### Exercise aim:
Entries in the following listing are to be copied exactly as they stand.

### Data provided:

=== Begin Enclosure ===

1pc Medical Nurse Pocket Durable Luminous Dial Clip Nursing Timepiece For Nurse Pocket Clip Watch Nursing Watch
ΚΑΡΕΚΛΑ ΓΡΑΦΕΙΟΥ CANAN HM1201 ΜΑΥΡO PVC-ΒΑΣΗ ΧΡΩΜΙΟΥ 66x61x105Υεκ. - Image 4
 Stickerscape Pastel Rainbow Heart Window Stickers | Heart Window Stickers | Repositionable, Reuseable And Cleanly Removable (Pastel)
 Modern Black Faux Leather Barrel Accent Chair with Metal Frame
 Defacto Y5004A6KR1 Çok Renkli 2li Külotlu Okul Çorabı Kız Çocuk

=== End Enclosure ===

### Response:
1pc Medical Nurse Pocket Durable Luminous Dial Clip Nursing Timepiece For Nurse Pocket Clip Watch Nursing Watch
ΚΑΡΕΚΛΑ ΓΡΑΦΕΙΟΥ CANAN HM1201 ΜΑΥΡO PVC-ΒΑΣΗ ΧΡΩΜΙΟΥ 66x61x105Υεκ. - Image 4
 Stickerscape Pastel Rainbow Heart Window Stickers | Heart Window Stickers | Repositionable, Reuseable And Cleanly Removable (Pastel)
 Modern Black Faux Leather Barrel Accent Chair with Metal Frame
 Defacto Y5004A6KR1 Çok Renkli 2li Külotlu Okul Çorabı Kız Çocuk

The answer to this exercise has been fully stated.